Scénarios de trajectoire pour les trimestres suivants
La question pertinente à ce stade n'est pas de savoir si les banques françaises méritaient leur correction du 30 avril, mais d'identifier les conditions qui définiraient un retournement ou une aggravation.
Le scénario de détérioration est conditionnel à la trajectoire du pétrole et à la durée du conflit au Moyen-Orient. Si les prix du baril restent élevés sur plusieurs trimestres, la croissance française continue de ralentir, la demande de crédit des entreprises se contracte davantage, et les provisions constituées aujourd'hui deviennent insuffisantes. Dans ce cas, les révisions IFRS 9 effectuées au T1 ne seraient qu'un premier pas. Le seuil à surveiller est simple : une progression des défauts effectifs dans les portefeuilles de crédit aux PME françaises, qui constitueraient la matérialisation du risque encore théorique aujourd'hui.

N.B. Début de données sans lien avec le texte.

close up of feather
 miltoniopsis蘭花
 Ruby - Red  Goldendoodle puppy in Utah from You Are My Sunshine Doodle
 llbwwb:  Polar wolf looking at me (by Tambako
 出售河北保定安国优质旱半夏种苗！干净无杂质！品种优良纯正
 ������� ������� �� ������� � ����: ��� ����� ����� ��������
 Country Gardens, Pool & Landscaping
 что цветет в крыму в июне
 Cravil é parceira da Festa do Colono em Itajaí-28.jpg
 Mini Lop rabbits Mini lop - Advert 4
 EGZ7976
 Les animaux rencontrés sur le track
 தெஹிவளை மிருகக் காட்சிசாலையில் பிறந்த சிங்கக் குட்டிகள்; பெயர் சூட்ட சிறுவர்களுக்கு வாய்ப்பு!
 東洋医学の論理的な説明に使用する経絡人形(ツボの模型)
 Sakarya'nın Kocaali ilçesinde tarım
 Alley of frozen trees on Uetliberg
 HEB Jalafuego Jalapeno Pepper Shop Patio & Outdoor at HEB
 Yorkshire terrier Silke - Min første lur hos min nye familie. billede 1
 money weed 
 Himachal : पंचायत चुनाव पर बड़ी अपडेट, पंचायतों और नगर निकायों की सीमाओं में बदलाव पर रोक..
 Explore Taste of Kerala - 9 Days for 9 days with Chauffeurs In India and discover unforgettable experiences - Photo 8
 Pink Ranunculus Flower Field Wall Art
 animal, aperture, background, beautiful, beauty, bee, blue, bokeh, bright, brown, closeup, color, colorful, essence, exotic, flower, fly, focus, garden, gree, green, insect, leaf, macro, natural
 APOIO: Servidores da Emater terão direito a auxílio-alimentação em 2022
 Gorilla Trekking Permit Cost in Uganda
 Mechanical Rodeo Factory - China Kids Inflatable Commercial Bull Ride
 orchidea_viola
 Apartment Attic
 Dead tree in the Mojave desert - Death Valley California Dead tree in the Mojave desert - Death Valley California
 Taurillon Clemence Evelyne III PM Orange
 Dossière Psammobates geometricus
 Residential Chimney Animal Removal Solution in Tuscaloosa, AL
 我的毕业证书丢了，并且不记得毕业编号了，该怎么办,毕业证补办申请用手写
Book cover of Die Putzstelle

Le scénario de stabilisation repose sur deux conditions distinctes. D'abord, une désescalade géopolitique qui ramène les cours du pétrole à un niveau compatible avec une croissance européenne positive. Dans ce cas, les provisions géopolitiques sont reprises en résultats, ce qui constitue un soutien mécanique aux bénéfices futurs. Ensuite, une normalisation progressive de la courbe des taux en France, qui améliorerait les marges sur nouveaux crédits sans alourdir davantage le coût des livrets réglementés.
BNP Paribas reste la mieux positionnée pour traverser un environnement dégradé, grâce à sa diversification géographique et à un bilan solide. Société Générale a démontré une capacité à comprimer les coûts, ce qui lui donne de la flexibilité si les revenus de marché continuent de décevoir. Crédit Agricole SA reste exposée à la trajectoire de ses métiers spécialisés, dont la chute de 52% des services financiers au T1 nécessite une explication que les résultats seuls ne suffisent pas à fournir — c'est le point à surveiller au T2.
Ce qui ressort de cette journée du 30 avril, c'est que le marché n'a pas sanctionné des résultats passés. Il a réévalué la prime de risque à accorder à des établissements dont les directions elles-mêmes signalent une visibilité réduite sur les trimestres à venir. Tant que cette visibilité ne se rétablit pas, le doute reste le facteur dominant.